== Segment start ==

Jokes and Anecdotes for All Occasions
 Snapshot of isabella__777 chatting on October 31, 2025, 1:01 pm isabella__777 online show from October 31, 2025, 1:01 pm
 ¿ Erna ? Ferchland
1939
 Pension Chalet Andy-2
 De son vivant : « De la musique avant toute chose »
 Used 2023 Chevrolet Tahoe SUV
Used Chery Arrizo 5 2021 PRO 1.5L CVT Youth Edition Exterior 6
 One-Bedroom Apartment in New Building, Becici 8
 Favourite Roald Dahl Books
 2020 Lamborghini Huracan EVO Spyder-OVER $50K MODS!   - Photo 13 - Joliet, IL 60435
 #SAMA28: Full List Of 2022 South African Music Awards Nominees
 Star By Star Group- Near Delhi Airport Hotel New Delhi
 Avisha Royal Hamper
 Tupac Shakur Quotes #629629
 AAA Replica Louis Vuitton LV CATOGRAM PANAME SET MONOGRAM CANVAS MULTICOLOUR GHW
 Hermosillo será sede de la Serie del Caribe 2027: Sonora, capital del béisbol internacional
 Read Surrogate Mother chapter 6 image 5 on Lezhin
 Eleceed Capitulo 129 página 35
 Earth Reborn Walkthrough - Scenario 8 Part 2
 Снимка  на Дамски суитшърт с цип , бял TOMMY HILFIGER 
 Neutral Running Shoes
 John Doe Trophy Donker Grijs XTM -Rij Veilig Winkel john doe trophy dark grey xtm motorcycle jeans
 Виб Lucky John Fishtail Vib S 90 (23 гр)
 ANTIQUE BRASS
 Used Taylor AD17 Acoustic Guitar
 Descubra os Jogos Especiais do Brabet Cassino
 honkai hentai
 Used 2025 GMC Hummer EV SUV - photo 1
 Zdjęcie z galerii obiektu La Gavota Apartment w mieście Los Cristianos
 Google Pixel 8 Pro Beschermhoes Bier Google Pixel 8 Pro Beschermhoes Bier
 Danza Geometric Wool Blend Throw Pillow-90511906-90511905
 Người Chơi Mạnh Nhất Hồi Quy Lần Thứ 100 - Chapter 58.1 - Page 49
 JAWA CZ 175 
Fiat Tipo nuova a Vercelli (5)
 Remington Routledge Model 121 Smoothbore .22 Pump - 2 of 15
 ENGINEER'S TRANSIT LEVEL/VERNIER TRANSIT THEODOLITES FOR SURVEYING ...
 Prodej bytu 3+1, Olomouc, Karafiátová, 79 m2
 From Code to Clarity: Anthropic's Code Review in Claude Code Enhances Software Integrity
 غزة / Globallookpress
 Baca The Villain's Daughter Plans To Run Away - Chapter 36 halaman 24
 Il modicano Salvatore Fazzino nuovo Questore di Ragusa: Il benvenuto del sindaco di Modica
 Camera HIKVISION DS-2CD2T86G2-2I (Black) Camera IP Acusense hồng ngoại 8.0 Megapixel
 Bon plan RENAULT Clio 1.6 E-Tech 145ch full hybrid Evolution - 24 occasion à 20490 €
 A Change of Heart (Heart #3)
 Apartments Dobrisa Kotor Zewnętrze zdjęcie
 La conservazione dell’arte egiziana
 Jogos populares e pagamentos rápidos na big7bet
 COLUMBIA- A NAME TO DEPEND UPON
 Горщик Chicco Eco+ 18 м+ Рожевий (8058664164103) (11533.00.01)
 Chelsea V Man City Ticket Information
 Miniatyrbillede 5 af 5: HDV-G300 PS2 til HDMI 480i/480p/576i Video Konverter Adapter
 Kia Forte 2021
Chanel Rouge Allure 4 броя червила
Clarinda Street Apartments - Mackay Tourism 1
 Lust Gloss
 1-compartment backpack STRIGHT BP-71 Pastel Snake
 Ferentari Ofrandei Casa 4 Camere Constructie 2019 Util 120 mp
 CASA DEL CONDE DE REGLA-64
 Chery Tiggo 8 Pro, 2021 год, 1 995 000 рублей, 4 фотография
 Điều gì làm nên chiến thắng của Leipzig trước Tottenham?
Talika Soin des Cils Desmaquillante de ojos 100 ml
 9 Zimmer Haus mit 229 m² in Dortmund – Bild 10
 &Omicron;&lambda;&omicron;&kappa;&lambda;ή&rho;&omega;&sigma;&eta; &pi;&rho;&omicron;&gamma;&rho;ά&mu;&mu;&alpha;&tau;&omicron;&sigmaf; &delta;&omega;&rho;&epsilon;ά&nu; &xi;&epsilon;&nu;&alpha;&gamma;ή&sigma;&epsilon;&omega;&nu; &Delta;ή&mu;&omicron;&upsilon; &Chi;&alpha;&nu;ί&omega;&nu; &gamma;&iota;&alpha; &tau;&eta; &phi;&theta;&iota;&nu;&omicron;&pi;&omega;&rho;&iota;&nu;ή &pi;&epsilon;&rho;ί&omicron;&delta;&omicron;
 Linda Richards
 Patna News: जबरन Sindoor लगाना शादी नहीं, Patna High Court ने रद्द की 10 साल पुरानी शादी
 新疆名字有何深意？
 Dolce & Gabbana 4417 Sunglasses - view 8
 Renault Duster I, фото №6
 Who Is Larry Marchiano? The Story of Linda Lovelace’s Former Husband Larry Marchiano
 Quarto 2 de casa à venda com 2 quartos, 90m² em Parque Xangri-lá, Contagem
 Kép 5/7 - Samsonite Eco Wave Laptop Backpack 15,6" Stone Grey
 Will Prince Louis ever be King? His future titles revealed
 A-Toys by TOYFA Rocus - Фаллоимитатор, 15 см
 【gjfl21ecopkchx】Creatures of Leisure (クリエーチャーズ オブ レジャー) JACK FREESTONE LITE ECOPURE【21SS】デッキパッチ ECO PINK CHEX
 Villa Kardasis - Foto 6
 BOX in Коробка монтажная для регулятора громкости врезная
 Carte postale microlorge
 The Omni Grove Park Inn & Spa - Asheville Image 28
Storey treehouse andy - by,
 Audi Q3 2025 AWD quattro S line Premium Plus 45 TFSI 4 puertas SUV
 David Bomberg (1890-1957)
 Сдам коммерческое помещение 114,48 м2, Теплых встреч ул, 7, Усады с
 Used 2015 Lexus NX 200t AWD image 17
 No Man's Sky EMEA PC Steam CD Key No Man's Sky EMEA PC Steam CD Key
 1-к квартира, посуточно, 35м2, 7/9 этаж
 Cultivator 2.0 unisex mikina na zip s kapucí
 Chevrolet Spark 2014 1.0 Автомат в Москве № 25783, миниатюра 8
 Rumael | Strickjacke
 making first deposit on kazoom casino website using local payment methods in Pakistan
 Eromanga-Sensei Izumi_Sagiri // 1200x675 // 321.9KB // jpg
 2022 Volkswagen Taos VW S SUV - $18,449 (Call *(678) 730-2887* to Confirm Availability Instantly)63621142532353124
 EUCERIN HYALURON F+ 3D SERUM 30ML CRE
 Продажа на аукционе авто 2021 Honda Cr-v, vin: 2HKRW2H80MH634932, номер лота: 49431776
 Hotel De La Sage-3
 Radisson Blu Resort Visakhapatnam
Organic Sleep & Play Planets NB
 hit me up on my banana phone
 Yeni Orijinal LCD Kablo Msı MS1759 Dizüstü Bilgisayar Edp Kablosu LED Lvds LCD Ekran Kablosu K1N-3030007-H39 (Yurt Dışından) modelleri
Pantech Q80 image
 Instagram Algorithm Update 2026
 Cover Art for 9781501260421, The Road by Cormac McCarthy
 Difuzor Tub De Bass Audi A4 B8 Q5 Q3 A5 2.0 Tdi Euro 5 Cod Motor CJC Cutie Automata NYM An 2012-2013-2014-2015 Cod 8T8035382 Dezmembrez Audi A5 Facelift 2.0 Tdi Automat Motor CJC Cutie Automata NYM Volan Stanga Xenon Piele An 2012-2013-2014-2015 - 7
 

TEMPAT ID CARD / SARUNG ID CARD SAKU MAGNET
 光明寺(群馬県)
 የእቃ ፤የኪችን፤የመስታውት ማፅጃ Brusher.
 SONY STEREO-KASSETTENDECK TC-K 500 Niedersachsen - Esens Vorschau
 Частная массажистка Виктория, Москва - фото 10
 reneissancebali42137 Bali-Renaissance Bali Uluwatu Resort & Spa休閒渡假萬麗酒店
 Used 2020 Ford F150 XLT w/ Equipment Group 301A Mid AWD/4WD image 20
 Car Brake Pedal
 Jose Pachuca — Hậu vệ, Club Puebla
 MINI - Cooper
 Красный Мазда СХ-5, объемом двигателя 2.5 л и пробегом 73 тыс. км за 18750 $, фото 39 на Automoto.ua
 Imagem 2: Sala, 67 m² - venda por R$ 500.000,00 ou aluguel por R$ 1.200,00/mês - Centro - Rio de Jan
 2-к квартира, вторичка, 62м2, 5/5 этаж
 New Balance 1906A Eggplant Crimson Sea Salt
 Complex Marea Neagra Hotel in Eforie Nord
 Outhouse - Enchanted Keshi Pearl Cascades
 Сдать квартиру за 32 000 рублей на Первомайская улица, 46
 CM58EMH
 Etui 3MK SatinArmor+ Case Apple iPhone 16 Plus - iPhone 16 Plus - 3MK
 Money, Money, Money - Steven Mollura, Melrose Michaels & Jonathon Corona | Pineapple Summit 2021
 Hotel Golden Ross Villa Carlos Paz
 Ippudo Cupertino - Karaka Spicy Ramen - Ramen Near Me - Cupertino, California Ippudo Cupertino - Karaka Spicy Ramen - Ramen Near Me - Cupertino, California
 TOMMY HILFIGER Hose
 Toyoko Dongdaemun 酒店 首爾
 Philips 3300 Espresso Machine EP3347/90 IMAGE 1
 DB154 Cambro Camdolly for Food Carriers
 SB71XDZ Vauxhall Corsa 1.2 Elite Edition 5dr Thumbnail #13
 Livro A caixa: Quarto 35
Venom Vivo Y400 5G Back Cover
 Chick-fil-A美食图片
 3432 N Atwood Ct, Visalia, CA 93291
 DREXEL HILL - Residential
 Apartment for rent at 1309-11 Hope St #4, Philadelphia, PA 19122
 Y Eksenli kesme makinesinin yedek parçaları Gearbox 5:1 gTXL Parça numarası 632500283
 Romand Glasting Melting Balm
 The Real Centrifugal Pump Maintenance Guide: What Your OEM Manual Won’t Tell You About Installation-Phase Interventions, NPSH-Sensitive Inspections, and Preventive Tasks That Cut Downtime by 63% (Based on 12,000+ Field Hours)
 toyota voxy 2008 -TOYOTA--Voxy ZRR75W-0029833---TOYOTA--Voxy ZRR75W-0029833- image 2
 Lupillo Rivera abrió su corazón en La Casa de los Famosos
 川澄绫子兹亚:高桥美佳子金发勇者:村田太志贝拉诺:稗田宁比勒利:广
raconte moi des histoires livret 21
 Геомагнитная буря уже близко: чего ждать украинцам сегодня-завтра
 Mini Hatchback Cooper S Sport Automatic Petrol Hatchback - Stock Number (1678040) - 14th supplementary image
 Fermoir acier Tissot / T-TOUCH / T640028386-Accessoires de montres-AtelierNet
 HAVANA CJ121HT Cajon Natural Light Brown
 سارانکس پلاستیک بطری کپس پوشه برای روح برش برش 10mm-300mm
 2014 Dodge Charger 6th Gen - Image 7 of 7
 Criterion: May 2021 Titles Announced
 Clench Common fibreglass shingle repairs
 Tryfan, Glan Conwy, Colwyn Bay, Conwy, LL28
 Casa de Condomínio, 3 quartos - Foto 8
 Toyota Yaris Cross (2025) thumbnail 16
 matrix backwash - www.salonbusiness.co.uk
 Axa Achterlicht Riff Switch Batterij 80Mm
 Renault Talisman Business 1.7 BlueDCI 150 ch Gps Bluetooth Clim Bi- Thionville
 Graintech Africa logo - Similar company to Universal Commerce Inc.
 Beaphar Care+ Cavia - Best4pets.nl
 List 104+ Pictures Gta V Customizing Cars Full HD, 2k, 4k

== Segment end ==

> [WORK ORDER]: Copy exactly the stretch of data above from the line with "Jogos populares e" through the line with "9 Zimmer Haus", and omit all other lines.

> [OUTPUT FOR THIS EXERCISE]:
 Jogos populares e pagamentos rápidos na big7bet
 COLUMBIA- A NAME TO DEPEND UPON
 Горщик Chicco Eco+ 18 м+ Рожевий (8058664164103) (11533.00.01)
 Chelsea V Man City Ticket Information
 Miniatyrbillede 5 af 5: HDV-G300 PS2 til HDMI 480i/480p/576i Video Konverter Adapter
 Kia Forte 2021
Chanel Rouge Allure 4 броя червила
Clarinda Street Apartments - Mackay Tourism 1
 Lust Gloss
 1-compartment backpack STRIGHT BP-71 Pastel Snake
 Ferentari Ofrandei Casa 4 Camere Constructie 2019 Util 120 mp
 CASA DEL CONDE DE REGLA-64
 Chery Tiggo 8 Pro, 2021 год, 1 995 000 рублей, 4 фотография
 Điều gì làm nên chiến thắng của Leipzig trước Tottenham?
Talika Soin des Cils Desmaquillante de ojos 100 ml
 9 Zimmer Haus mit 229 m² in Dortmund – Bild 10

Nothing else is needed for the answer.